Codesign for AI and Programming
A clear case where the power of simplification is in our hands
We’ve looked at two example domains of challenges for AI: natural language, heavily tied to our evolved mental hardware; and autonomous driving, involving major pieces of manmade infrastructure. Even autonomous driving depends greatly on laws of physics that are beyond our control. Let me now consider a domain where we have extreme control over the problem context: software programming. While new software engineers face a bewildering variety of programming languages and tools, they have all been designed by people, and we can decide to redesign them. The trouble is that so much work with AI code generation is happening assuming that programming tools are frozen in place from 2022.
There is so much excitement in the air about generative AI bringing massive changes to our capabilities as a society, perhaps culminating in superintelligence that we can’t even understand. Why should we presume that a superintelligence would build software like we are used to today? Yet the AI coding agents that are deservedly spiking in popularity have a fundamental weakness: they’re trained on many examples of the software people like to write today. Coding mistakes that appear in enough places online propagate into the repertoires of AI coding tools. Staying on this trajectory can take us to some pretty absurd places.

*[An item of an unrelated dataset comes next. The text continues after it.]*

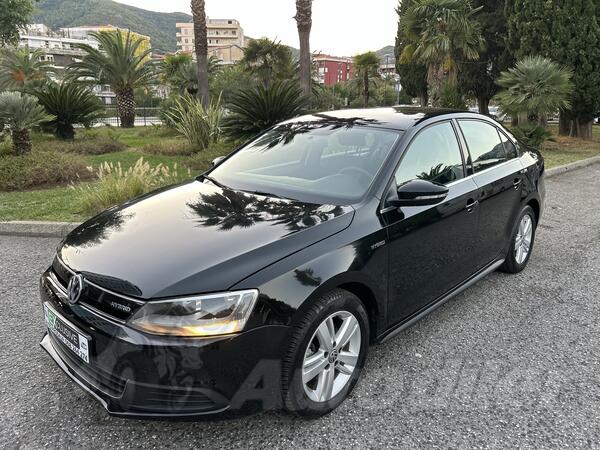 Volkswagen - Jetta - 1.4 TSI Hybrid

Apologies for somewhat of an inside joke for the programmers out there. The intrepid explorers in the cartoon have used an SQL-injection attack against the superintelligence. It’s a particularly central example of a common coding mistake that can easily be perpetuated by AI that simply learns from crawling the web. SQL injections allow users to trick systems into running arbitrary instructions, which is serious-enough that it reliably makes lists of top categories of security problems. Catastrophic security vulnerabilities aside, there is more opportunity from rethinking programming and how AI can help with it.
How AI Coding Tools Work (Cartoon View)
As of this writing, AI programming assistants like Claude Code are taking the software-development world by storm. They build on general LLMs trained over many examples found online. Let’s think about what that process means as a workflow to produce coding insights and apply them to particular programming problems.
Everything starts from a large set of example code files, which can be obtained by crawling the web. They are fed into an expensive training process. One summary article paints a clear picture of tens of millions of dollars and up per training of a cutting-edge model – and the example of DeepSeek is given with such a low cost of $5.6 million that some analysts are disputing its plausibility! Nonetheless, let’s assume the effort is worthwhile for all the goodies it unlocks. Perhaps by now even just the applications in programming justify the cost.
It is important to keep in mind that LLMs, and deep neural networks in general, tend to be inscrutable to human observers. Research continues in interpretability, but generally we have very little understanding of why a neural network is able to complete certain tasks or how it is organized to support them. We can assume that frontier models contain within themselves some representations of many useful coding patterns, each generalized out of many examples.
Now consider what happens when a programmer makes a particular functionality request in English. The request can be fed into the LLM as a prompt, and the LLM can identify which coding patterns are good matches for the functionality. Now here is where we hit the part that I want to argue is deeply problematic: the LLM then stitches together code fragments representing the different patterns. They wind up combined in a kind of mush that is nontrivial reading even for expert programmers. There is probably some structure, at least implicitly, within the LLM to capture the vocabulary of coding patterns to be brought to bear, but the structure is lost during the generation of concrete programs.
Still, it’s remarkable how much these tools are already achieving. I gave Claude Sonnet 4.5 the following prompt.
Create a web app to support an elite team that responds to reports of LLMs run amok. The public should be able to submit reports of LLM incidents, and then the members of the team can triage these incidents, deciding which to respond to. It will be good to have a dashboard summarizing trends in reports. Since we’re just prototyping, it’s OK to use dummy authentication, though later we’ll want to hook into the company SSO system.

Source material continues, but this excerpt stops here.